If you do try the full implementation of this project, pay attention to the user interface and make sure that your site design is appropriate for the task.

Consider how you can take advantage of the Web-based nature of your service to provide facilities that conventional email does not permit, such as public messages.

Payment Service

This project might be suitable for a group of students.

Create a payment service site, which allows people to pay for goods and services bought from other sites on the Web. Start by looking at existing payment services, such as PayPal. Look at the service they offer, and look at the documentation they provide to Web developers, which describes how people selling goods on the Web can use PayPal to handle payments.

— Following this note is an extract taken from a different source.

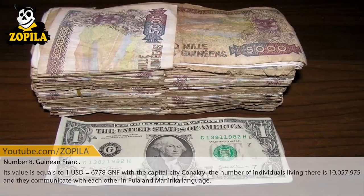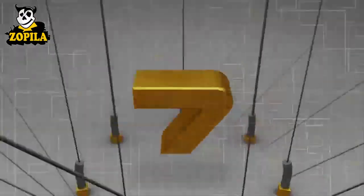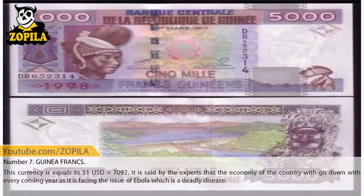Number 8: Guinean Franc. Its value is equal to $1 USD equals 6,778 GNF. The capital city is Conakry, and the population is 10,057,975. They communicate with each other in Fula and Maninka languages.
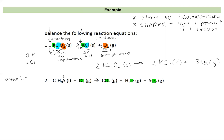Looking at sulfur: I have one on my reactant side and one on my product side, so sulfur is already balanced. For carbon: I have three on my reactant side and one on my product side. Multiplying the product by three gives three carbons, balancing the three on the reactant side. For hydrogen: I have eight on the reactant side and two on the product side. Multiplying by four gives eight, so I put a coefficient of four in front of water. Carbon, hydrogen, and sulfur are now all balanced.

It is especially important that a payment site be 100% usable and accessible. Make sure that it will be entirely clear to somebody who has been sent to the site to make a payment exactly what they need to do. They must be able to cancel at any point before they have authorized the payment, and it should be clear exactly when authorization occurs. When designing the appearance of the site, it is important that you convey an impression of trustworthiness.

Implement a similar service (not using real money, of course) that provides the necessary services to buyers and sellers, and an API that allows your payment services to be integrated into other sites. Try this out by requiring users who register with your image gallery or message service to pay a subscription.

Give some thought to how you could cater for transactions that don’t cost very much (so-called micro-payments). How would you make it possible for people to pay as little as a few pennies (cents, or whatever) for something, without incurring costs that exceed the value of the transaction?

Mash-Up

As we mention in Chapter 1, one of the features of Web 2.0 is the availability of Web APIs, which provide access to data through programs as well as on Web pages. This has led to the possibility of ‘mash-ups’, which, in the context of the Web, are sites that combine data from two or more sources and present them in a unified way. Many mash-ups are based on the Google Maps API, which makes it possible for geographically-related data, such as the location of coffee shops or the average price of houses, to be superimposed on a map of the region concerned.

Create a mash-up from at least two sources. The combination must be meaningful and provide more information than the two separate sets of data independently. While Google Maps is probably the most often used API for mashing, there is a long list of Web APIs at the Programmable Web site.

Create a suitably designed site to present the results of your mash-up and to allow all potential users to interact with it in a clear and meaningful way.